● What the exercise asks:
All entries below are to be reproduced precisely as they stand, without the pictures.

● Provided entries:

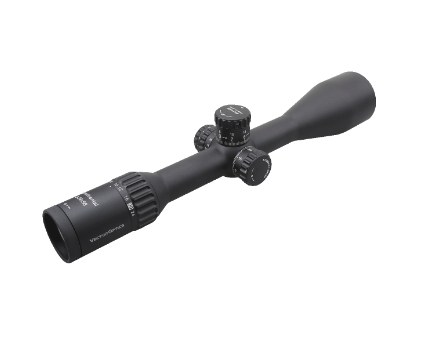 Vector Optics Continental x8 3-24x56 SFP Zero-Stop Tactical ED Rifle Scope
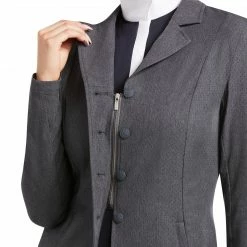 Best Pirce 😀 Show Jackets Ariat 👩 Women's Artico Exhale Show 🧥 Coat 😍 18 Show Jackets Ariat Women's Artico Exhale Show Coat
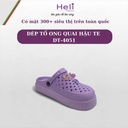 DÉP TỔ ONG QUAI HẬU TE DT-4051 27-34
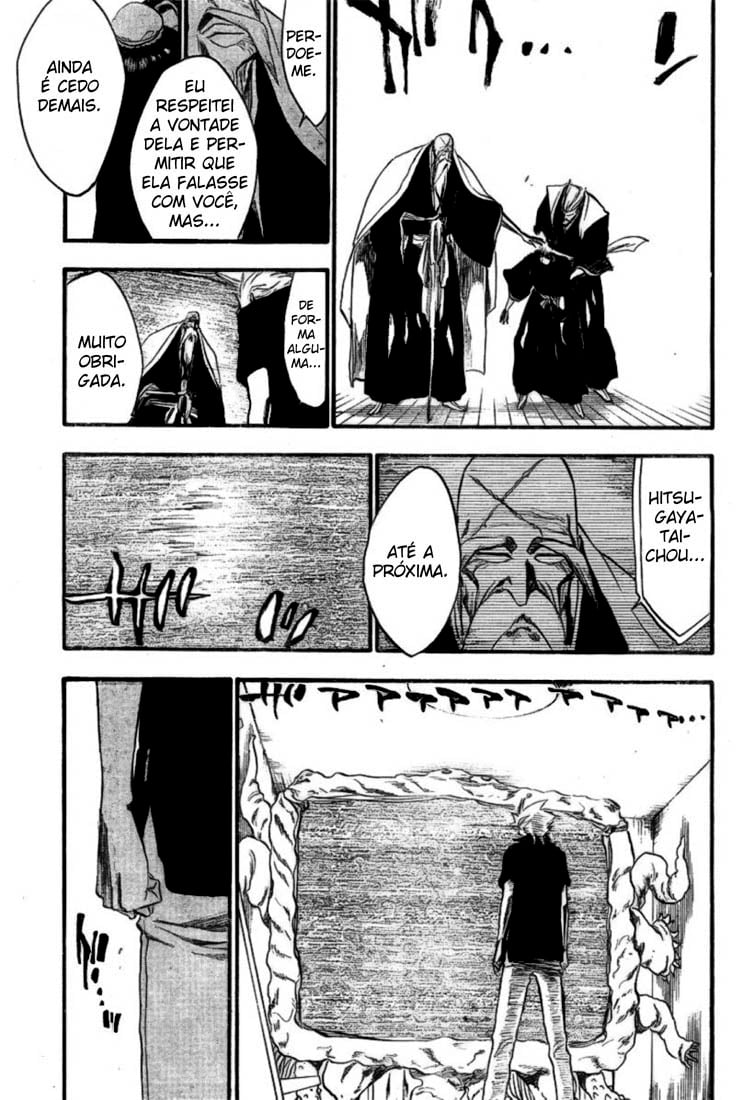 Bleach Capítulo 224 Página 11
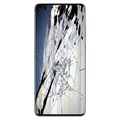 Samsung Galaxy S20+ LCD-näytön ja Kosketusnäytön Korjaus - Harmaa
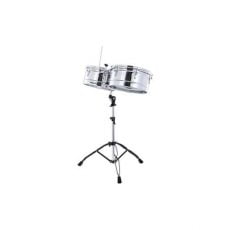 Meinl HT1314CH Timbales Percussion تیمبالس ماینل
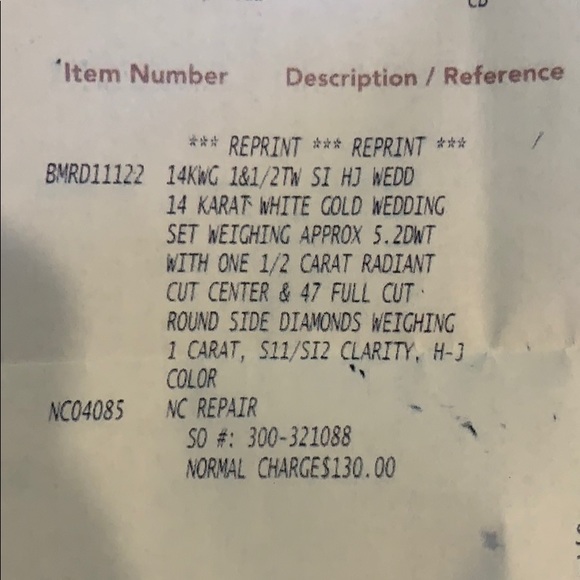 Ring - Picture 4 of 5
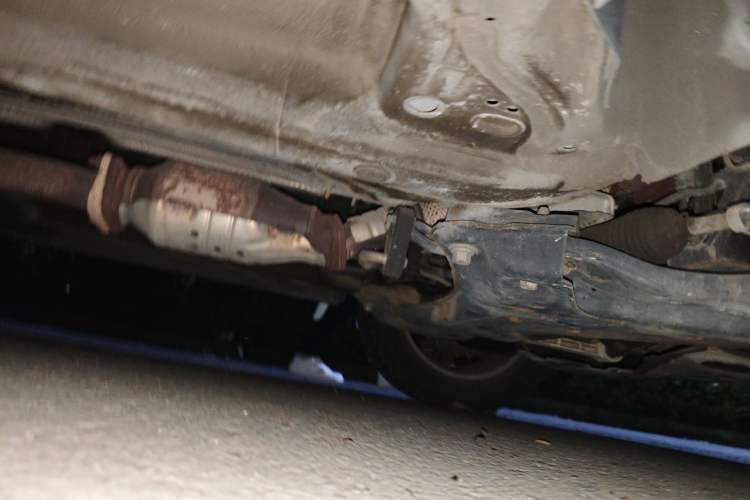 Used Hyundai ix35 2013 2.4L Automatic Two-Wheel Drive Leading GLX China V Standard Chassis Front Right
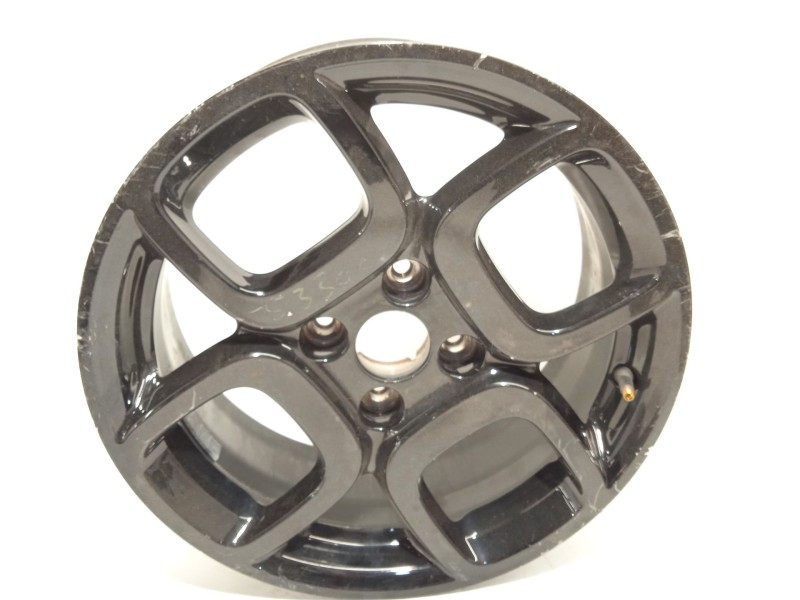 Recambio de llanta para citroën c4 cactus feel referencia OEM IAM 9802911977 98029119XY 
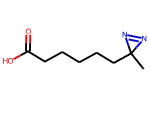 1156463-26-1，Me-Diazirine-C6-COOH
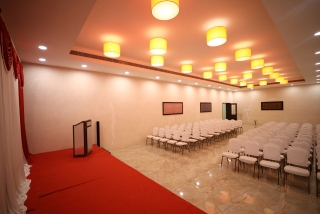 Aishwaryam Insignia Amenities - Toddlers Play Area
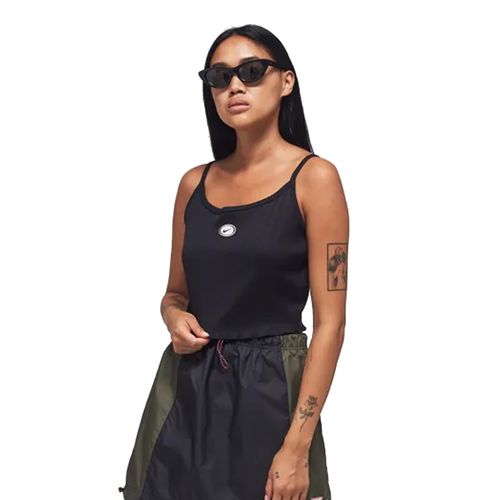 MUSCULOSA MUJER NIKE SPORTSWEAR CROP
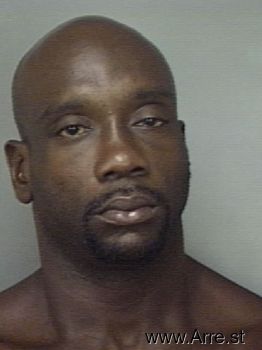 Tyrone  Richardson Mugshot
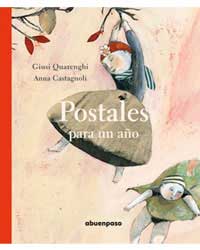 Postales para un año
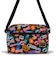 【LeSportsac×Pringles】DANIELLA CROSSBODY プリングルズスティッカーズ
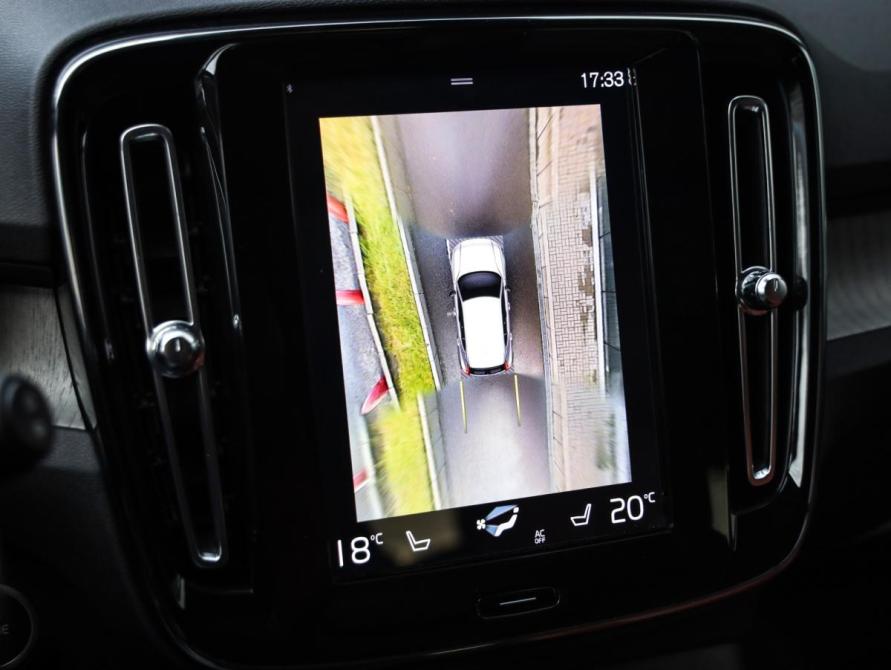 Volvo XC40 I Санкт-Петербург  - изображение 20
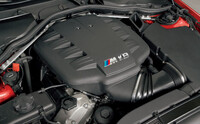 M3 クーペ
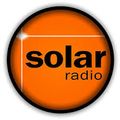 Solar Radio February 1987 Roberto Forzoni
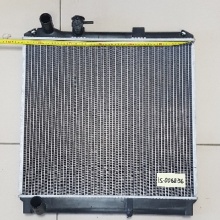 IS006836 Радиатор охлаждения двигателя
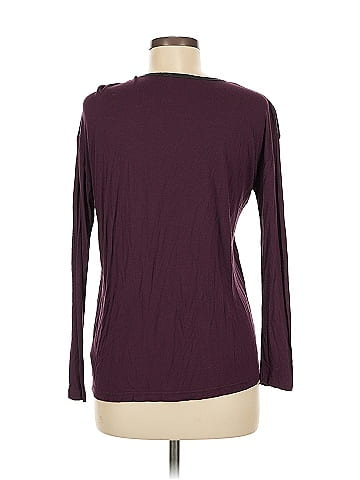 Atmosphere Long Sleeve Top (view 2)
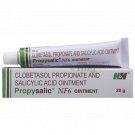 Propysalic NF6 Ointment 20 gm ( pack of 2)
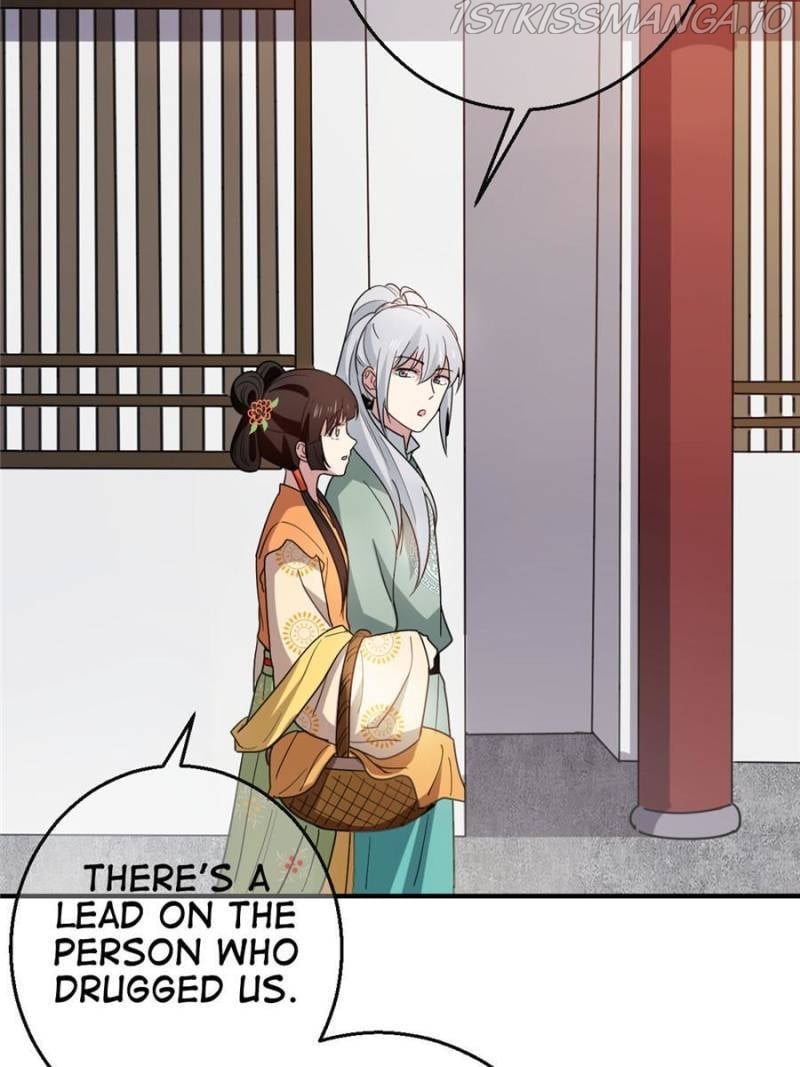 The Sickly Tyrant With An Innocent Facade Chapter 70 186 ch 69 23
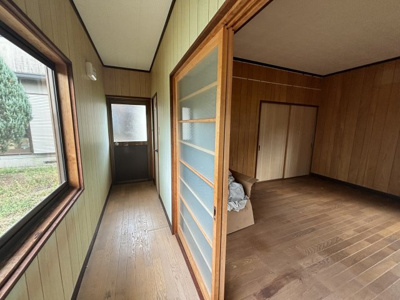【内装】 | 多可町加美区門村　貸家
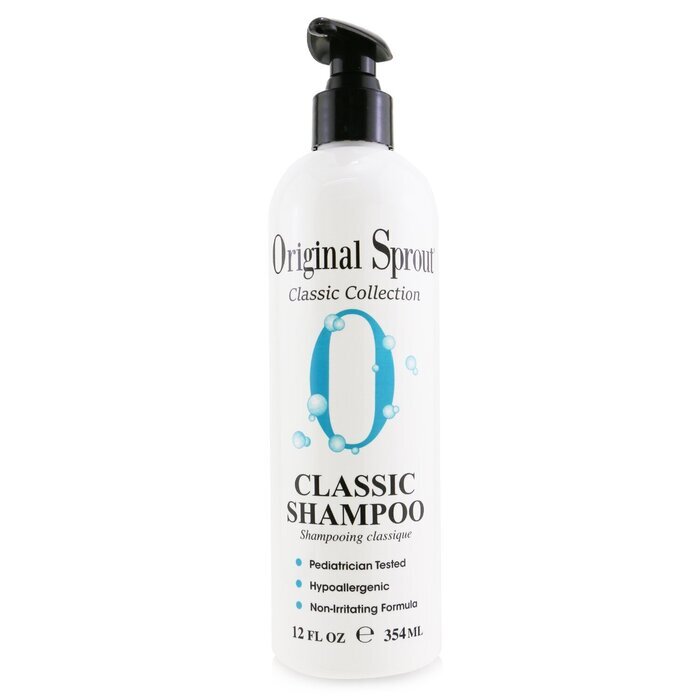 Original Sprout Classic Collection Classic Shampoo 354ml/12oz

● Task response:
 Vector Optics Continental x8 3-24x56 SFP Zero-Stop Tactical ED Rifle Scope
 Best Pirce 😀 Show Jackets Ariat 👩 Women's Artico Exhale Show 🧥 Coat 😍 18 Show Jackets Ariat Women's Artico Exhale Show Coat
 DÉP TỔ ONG QUAI HẬU TE DT-4051 27-34
 Bleach Capítulo 224 Página 11
 Samsung Galaxy S20+ LCD-näytön ja Kosketusnäytön Korjaus - Harmaa
 Meinl HT1314CH Timbales Percussion تیمبالس ماینل
 Ring - Picture 4 of 5
 Used Hyundai ix35 2013 2.4L Automatic Two-Wheel Drive Leading GLX China V Standard Chassis Front Right
 Recambio de llanta para citroën c4 cactus feel referencia OEM IAM 9802911977 98029119XY 
 1156463-26-1，Me-Diazirine-C6-COOH
 Aishwaryam Insignia Amenities - Toddlers Play Area
 MUSCULOSA MUJER NIKE SPORTSWEAR CROP
 Tyrone  Richardson Mugshot
 Postales para un año
 【LeSportsac×Pringles】DANIELLA CROSSBODY プリングルズスティッカーズ
 Volvo XC40 I Санкт-Петербург  - изображение 20
 M3 クーペ
 Solar Radio February 1987 Roberto Forzoni
 IS006836 Радиатор охлаждения двигателя
 Atmosphere Long Sleeve Top (view 2)
 Propysalic NF6 Ointment 20 gm ( pack of 2)
 The Sickly Tyrant With An Innocent Facade Chapter 70 186 ch 69 23
【内装】 | 多可町加美区門村　貸家
 Original Sprout Classic Collection Classic Shampoo 354ml/12oz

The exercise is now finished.